# Sandstone



## airrat (May 3, 2008)

Here is a sandstone bottle stopper I just made.  Still working on ways to shape the next one more.   













I just finished this the other day, it was for my mom's neighbor who just lost her dog.  It has been sandblasted and then I put some paint inside to help it stand out.  It is sandstone as well.


----------



## GoodTurns (May 3, 2008)

very nice work!  where did you get the "blank" for the topper?


----------



## LEAP (May 3, 2008)

Very nice, I just found a supplier for soapstone that I want to try so stoppers with. but don't think it will be anywhere as beautiful as the sandstone.


----------



## tmhawk (May 3, 2008)

Tom that is beautiful. Sandstone can also be "picture stone" and that one is I can see some desert, a mesa and a hot desert sun. That is fantastic, I love stoppers. You did great. The headstone is wonderful, you're a great guy.


----------



## airrat (May 4, 2008)

Jon I got the sandstone from a local quarry.   Here is a picture of what I picked a few from.  I will probably be driving up there again in the future and get some more.   I have a couple more pieces that will yeild a few.   I just have to get a blade to cut them.


----------



## Ligget (May 4, 2008)

WOW! that is certainly the first sandstone plaque and stopper I`ve ever seen and there both AWESOME![]


----------



## great12b4ever (May 4, 2008)

Tom, these look great!  How hard is sandstone to work with?  What type of tools do you need?  Thanks for sharing these


----------



## airrat (May 4, 2008)

Rob that one I did with sandpaper and the cutoff piece of sandstone.   I am going to look for some files and such this week for the next one.


----------



## rccrazybill (May 7, 2008)

Tom , If your going back to get more sandstone, Will you be getting some to sell? If you are please let me know I would love to turn some. My grandfather was a stone mason and I inherited tons of chisels and files for stone but had no use for them .....[:0]UNTIL NOW.......


----------



## PaulDoug (May 7, 2008)

Way nice.  How about a pen out of that?  Too heavy?  Also my tow cents on the picture, I'd leave it just as it is!  Looks real nice.  My opinion only.


----------



## scroller99 (May 8, 2008)

Awesome stopper! I have an idea, what if you took a carbide masonry drill bit and ground the end for a skew and used that if it would stay sharp longer? If you are going to get more to sell I would love to try it. thanks and good luck Howard


----------



## airrat (May 9, 2008)

I will post when I am going up again.   Its almost a 4 hr drive so I might not make it until July but I will let everyone know.
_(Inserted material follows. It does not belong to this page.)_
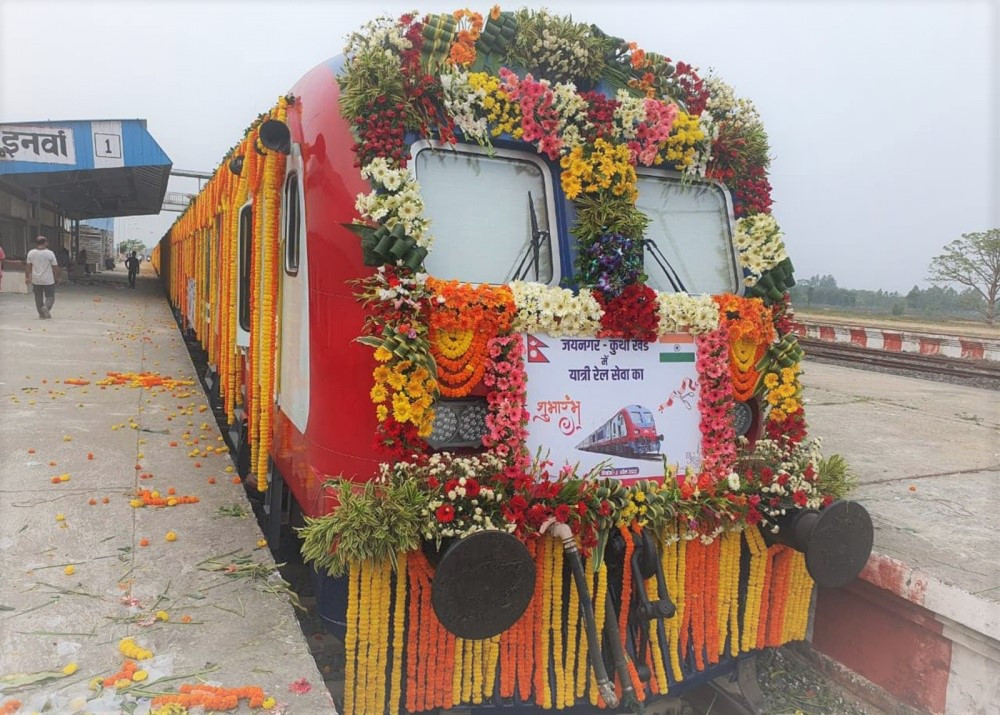 देउवा र मोदीद्वारा नेपाल रेल सेवाको संयुक्त रुपमा उद्घाटन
Paul I am going to give it a shot for a pen.  Just need to work out some details.


----------



## mwwoodworks (May 14, 2008)

LEAP, you said you found a supplier for soapstone??? East coast grey stuff or something with some color to it? I have been looking for a supplier that has a good variety and has good prices?! Thanks for any info you can give!

airrat - very cool stopper! I didn't know that you could turn sandstone?! I have turned many soapstones and a few other types of stone but never sandstone? Very interesting look to it!

Mark


----------



## workinforwood (May 16, 2008)

Great looking stopper and grave stone Tom.  I was going to suggest the diamond files for shaping.  I've never done anything with stone but am a member of a lapidary forum.  I am told that you can use diamond cutter bits in a rotary tool while spinning on a lathe at the same time, of course you need to rig up a small drip system and a tray to catch the water.  Of course if you have a secondary cheap junk lathe you don't care about you can just take it out on the porch and have at it without worrying about the flood or rust damage, just have to protect the motor.  So many things we can do and well at least I can speak for myself as wanting to do so many things, but it comes down to the combination of time and money.  I can't wait to be retired and want to stay young at the same time...what a conundrum!


----------